FAQ

Tenure-line and contingent faculty are forming a union because we need a stronger voice in shaping our University’s direction and priorities, our working conditions, and the future of higher education. By uniting our strength with SEIU, we can participate more effectively in wider efforts to defend the values of higher education and the land grant tradition values that are eroding here and are under attack elsewhere around the country. For tenured and tenure-track faculty, that means the opportunity to halt the erosion of research funding, community connections, teaching resources, and tenure lines. For the increasing percentage of faculty who are adjunct or contingent, that means the power to fight for better pay, job security, and access to basic support for research, scholarship, and professional development. For all of us, a faculty union will give us the means to democratize our university through true shared governance and wield direct political power. With our union, we can not only negotiate wages, benefits, and working conditions, but also gain a real seat at the table for university governance, and bring our voice to the state legislature to advocate for greater state support to keep the U of M accessible to all Minnesotans. We support forming a faculty union for the good of our profession, our community, our students, and our future.

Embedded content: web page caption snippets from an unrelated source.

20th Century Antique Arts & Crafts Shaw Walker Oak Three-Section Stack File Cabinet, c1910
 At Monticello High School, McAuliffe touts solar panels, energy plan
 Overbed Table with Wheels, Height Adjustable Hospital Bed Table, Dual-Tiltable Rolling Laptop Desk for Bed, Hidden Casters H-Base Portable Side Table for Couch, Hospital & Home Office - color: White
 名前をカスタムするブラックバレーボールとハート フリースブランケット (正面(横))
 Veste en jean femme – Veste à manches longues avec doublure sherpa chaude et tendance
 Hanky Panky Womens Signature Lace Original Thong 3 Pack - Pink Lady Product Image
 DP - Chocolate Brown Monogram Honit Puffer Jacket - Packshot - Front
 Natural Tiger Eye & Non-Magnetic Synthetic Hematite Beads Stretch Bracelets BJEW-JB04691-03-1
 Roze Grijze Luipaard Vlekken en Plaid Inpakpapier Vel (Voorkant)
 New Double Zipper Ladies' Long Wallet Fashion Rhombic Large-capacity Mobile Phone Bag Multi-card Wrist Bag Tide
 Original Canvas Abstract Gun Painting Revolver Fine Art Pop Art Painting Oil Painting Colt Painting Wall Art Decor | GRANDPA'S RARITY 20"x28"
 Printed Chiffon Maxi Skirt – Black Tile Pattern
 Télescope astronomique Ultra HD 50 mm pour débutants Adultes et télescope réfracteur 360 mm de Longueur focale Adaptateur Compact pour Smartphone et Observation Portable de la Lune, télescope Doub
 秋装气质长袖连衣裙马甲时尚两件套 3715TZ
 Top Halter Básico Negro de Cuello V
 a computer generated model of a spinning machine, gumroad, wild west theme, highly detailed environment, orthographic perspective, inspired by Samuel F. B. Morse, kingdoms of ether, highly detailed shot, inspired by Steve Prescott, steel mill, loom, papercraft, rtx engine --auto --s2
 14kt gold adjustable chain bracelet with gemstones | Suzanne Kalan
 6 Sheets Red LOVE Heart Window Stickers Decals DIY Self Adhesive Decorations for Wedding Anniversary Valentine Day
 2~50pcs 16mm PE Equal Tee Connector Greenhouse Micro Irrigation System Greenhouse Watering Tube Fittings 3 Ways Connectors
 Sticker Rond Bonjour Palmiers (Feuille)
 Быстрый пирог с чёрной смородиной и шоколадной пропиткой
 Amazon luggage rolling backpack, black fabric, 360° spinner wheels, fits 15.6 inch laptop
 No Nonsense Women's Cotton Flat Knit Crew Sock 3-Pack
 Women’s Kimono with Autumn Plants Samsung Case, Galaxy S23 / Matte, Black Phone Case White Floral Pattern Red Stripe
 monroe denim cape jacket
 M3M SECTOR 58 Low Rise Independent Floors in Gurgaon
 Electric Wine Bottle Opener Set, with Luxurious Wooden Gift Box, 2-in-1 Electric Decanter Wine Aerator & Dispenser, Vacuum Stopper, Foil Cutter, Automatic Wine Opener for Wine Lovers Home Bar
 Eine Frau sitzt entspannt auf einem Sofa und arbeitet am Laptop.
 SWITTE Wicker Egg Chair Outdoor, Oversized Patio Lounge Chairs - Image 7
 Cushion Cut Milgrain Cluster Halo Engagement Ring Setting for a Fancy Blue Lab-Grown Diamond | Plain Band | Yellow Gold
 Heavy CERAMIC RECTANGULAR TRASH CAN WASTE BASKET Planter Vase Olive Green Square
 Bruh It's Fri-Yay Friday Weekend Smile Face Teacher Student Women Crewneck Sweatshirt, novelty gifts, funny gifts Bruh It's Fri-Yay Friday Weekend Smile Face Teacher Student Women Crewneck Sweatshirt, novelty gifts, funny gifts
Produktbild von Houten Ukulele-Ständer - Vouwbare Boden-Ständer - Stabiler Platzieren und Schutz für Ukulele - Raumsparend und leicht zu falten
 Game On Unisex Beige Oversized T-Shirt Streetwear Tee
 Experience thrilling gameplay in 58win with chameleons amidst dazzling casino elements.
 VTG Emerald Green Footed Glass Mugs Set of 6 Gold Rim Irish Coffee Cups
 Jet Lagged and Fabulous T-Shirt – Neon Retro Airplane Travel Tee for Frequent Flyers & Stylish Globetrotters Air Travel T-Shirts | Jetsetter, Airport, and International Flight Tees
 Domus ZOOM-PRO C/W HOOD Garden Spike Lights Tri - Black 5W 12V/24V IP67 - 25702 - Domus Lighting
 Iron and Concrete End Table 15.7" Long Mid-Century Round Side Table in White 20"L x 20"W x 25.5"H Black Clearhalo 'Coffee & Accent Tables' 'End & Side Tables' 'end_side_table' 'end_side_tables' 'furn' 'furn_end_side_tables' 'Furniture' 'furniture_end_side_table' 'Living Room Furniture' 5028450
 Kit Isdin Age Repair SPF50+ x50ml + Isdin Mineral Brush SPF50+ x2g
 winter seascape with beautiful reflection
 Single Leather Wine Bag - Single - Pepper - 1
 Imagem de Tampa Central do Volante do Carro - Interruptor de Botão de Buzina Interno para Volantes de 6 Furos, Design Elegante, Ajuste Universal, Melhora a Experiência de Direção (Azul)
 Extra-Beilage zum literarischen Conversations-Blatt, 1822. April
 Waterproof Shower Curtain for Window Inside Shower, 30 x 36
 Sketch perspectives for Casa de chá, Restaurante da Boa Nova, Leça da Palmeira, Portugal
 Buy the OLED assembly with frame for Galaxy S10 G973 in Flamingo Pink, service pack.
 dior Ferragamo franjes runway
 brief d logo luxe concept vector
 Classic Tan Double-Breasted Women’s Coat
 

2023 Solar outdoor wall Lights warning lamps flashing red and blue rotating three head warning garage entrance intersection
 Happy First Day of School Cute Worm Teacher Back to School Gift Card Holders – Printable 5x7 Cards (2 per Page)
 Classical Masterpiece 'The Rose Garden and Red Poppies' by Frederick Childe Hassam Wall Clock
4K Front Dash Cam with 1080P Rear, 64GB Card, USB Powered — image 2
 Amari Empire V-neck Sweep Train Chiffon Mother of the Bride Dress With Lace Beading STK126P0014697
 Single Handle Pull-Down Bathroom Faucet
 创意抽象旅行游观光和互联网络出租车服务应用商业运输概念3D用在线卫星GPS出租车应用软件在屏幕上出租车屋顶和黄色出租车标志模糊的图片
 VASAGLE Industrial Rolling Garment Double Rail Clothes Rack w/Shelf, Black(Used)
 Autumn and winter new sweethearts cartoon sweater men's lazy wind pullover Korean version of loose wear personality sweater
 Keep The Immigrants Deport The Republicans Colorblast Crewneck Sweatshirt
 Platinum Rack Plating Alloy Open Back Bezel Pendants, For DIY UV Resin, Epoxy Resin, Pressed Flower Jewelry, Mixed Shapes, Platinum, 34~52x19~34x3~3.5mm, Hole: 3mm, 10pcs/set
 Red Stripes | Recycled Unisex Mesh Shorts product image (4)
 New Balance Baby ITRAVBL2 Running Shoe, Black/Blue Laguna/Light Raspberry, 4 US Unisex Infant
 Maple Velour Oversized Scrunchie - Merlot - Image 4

When we filed for our union election, we filed to include both tenure-track faculty and contingent instructors, including Lecturers, Teaching Specialists, and Extension Educators, because we all share many of the same responsibilities and concerns, and share a community of interest at the University.

On September 20, 2016, the State Bureau of Mediation Services (BMS) affirmed the unified bargaining unit we requested by placing Lecturers and Teaching Specialists in the Twin Cities Instructional bargaining unit (Unit 8). BMS placed Extension Educators in the Professional & Administrative unit (Unit 11) since Unit 8 is limited to the Twin Cities campuses.

The University administration agreed from the beginning that the following non-tenure-track faculty positions are also in the bargaining unit: contract faculty, temporary faculty, visiting faculty, and adjunct faculty. These positions make up around 200 non-tenure-track faculty at Twin Cities campuses.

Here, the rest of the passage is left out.